Fiction | Novel | Adult | Published in 1966

Plot Summary
Beautiful Losers is the second and final novel by singer-songwriter Leonard Cohen, published in 1966. He wrote two novels before he began his music career. It is a postmodern fiction novel and one of the early examples of postmodernism in Canadian literature. While it was critical and commercially unsuccessful during its initial publishing, it gained popularity after Cohen’s music career began to flourish. The novel is maximalist in its approach, incorporating many literary devices and broaching a wide range of subjects including 1960s counter-culture, mysticism, and sexuality. The style is stream-of-consciousness, nonlinear, and there is no distinct timeline that connects the narrative. It is important to grasp the style and perspective of the novel, as past and present constantly blur, and memories are unreliable.

The novel focuses on the three members of a love triangle. It is divided into three books: book 1 is narrated by a white, male, English-speaking folklorist and scholar. He is unnamed, and is thus often referred to by critics as “I.”. Book 2 is in letter format from the perspective of “F.,” writing in response to I.’s narration. Book 3 is written in third person, showing I. and F. as older men.

Book 1, titled “The History of Them All,” begins with I.’s obsession with a 17th-century Mohawk, Iroquois and catholic-converted woman named Catherine Tekakwitha. Catherine experiences a rift between her physical self and spiritual self. As she is further convinced of this rift, she self-harms and punishes her body. The other two narrators share his obsession, implicitly linking them. Through study, he falls in love with the idea of her, wishing he could be with her. He finds deep spirituality in his desire for her, reaching out across time. Throughout this section and the other two books, the history of her tribe and her life are intertwined with the three lovers’ own lives. I. is also studying a First Nations tribe called the A-----s, of which very little remain – his wife Edith is the last of her people.
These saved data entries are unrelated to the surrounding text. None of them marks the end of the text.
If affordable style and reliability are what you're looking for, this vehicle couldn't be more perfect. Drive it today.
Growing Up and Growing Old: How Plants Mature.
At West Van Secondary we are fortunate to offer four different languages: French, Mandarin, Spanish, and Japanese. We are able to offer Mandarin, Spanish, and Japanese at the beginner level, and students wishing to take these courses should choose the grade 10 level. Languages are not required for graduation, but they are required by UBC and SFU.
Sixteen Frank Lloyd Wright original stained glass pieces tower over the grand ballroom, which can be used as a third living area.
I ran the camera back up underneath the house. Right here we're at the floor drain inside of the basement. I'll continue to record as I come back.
I. is living in Montreal, suffering from great loss at the time of his narration. His wife Edith dies in a freak elevator accident that is implied to be a suicide. His male lover, F., the voice of Book 2, has also passed away at this time. I. finds out that Edith and F. were also sleeping together for a long time. I. is severely depressed, physically constipated, agoraphobic, refuses to bathe, and is driven to repeatedly masturbate.
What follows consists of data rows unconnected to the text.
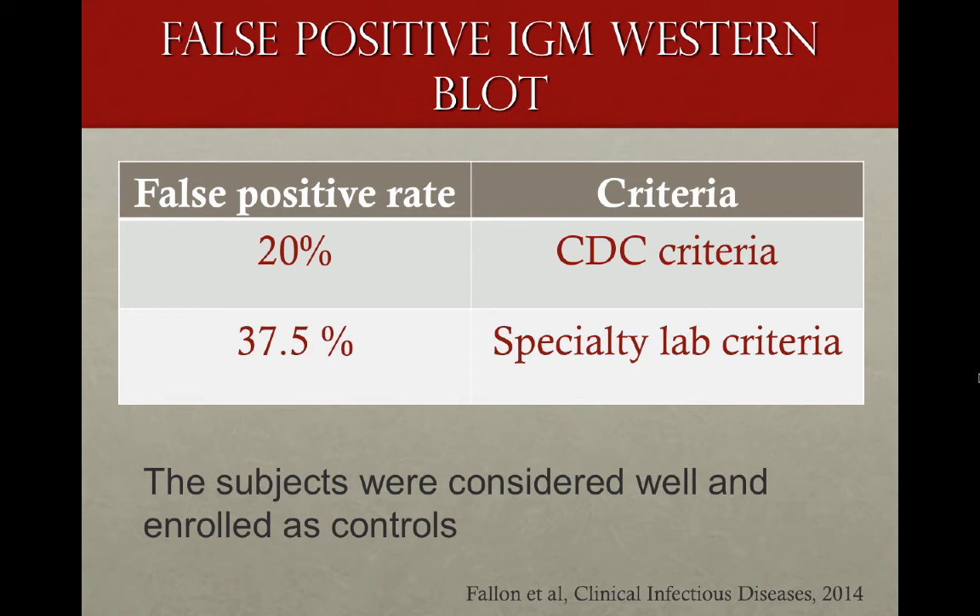The authors point out correctly that there are false positive IgM Western Blot tests. They cite a Columbia trial supported by the NIH where people were well, yet 20% met the CDC criteria for a positive IgM, and 37.5% had a positive IgM test using specialty lab criteria. These were all subjects who felt well and typically would not be treated.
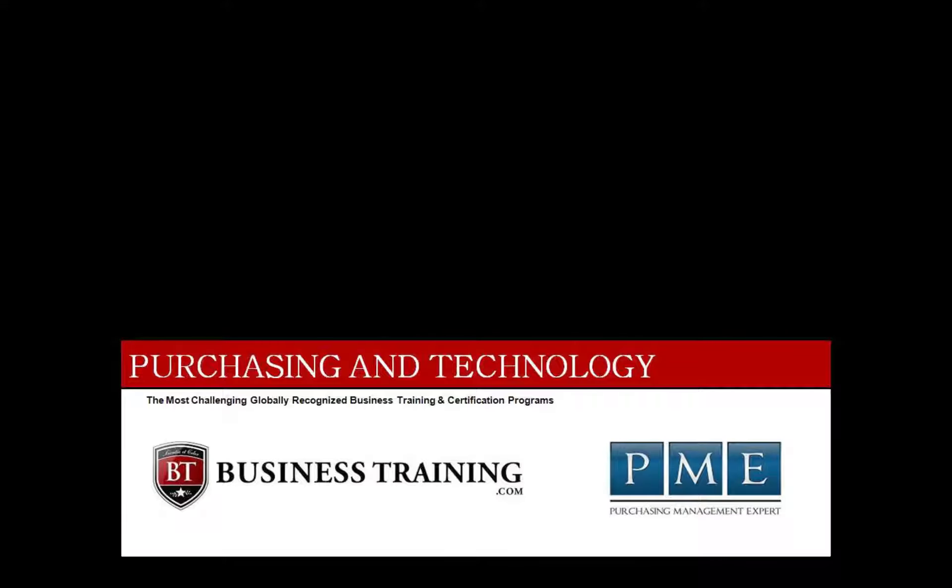The following is a video training module on purchasing and technology by businesstraining.com. Greetings and welcome to Purchasing and Technology. We are pleased you have selected our program to gain knowledge about how the internet and technology plays a role in helping the purchasing expert to be successful in the purchasing field.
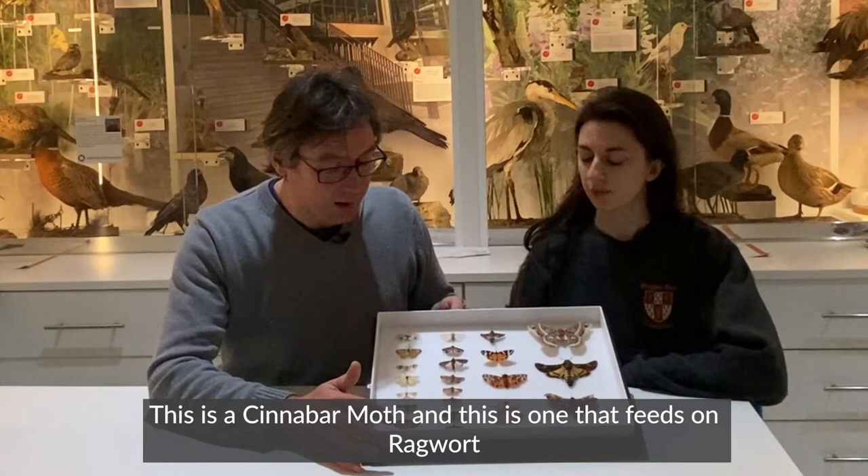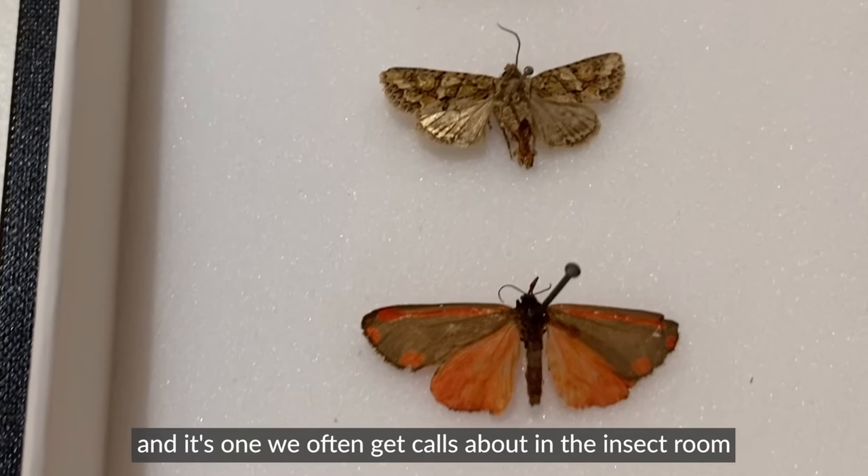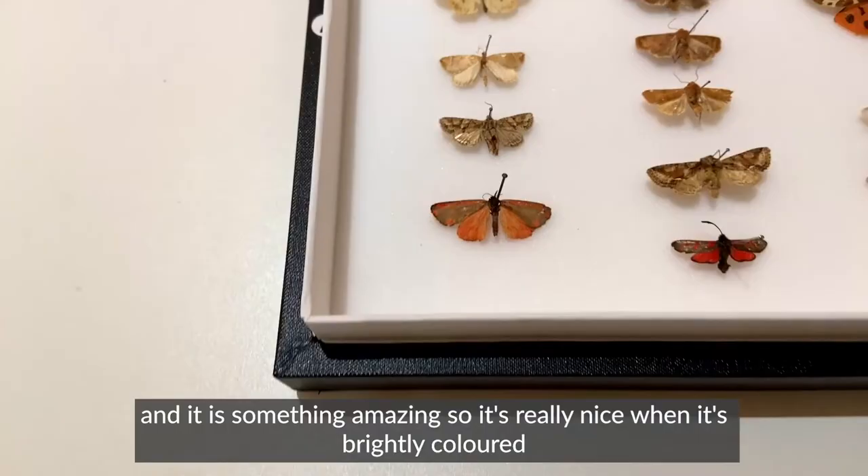This is the cinnabar moth, and this is one that feeds on ragwort, which is that yellow flower, which is really bad for horses. Its numbers are going down across the UK, but this has got a very weak flight and it's really obvious during the day, and it's one we often get calls about in the insect room because people see it and they think it's something amazing. It is something amazing.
I. narrates how, after his wife dies, F. puts him through a series of emotional and sexual trials. They are linked through their childhoods, as both came of age in a Jesuit orphanage in Montreal. F. convinces I. to join his nationalistic Québécois movement. He also recalls F.’s plan to blow up a statue while Elizabeth II is visiting Canada. I. eventually leaves his apartment and further studies Catherine Tekakwitha in a tree house. He loses himself in study, falling further into depression.

Book 2, titled “A Long Letter,” picks up F.’s narration in letter format, writing from an asylum after following through with his bombing plan. He is writing to I. to explain himself, as well as fill in details to the reader that I.’s prospective cannot account for. F. also uses the letter as a way to push I. into the sexual and spiritual liberation the defines the culture at the time. F. comes off as controlling and manipulative, but sees himself as a spiritual explorer, unlocking secrets of the body and spirit.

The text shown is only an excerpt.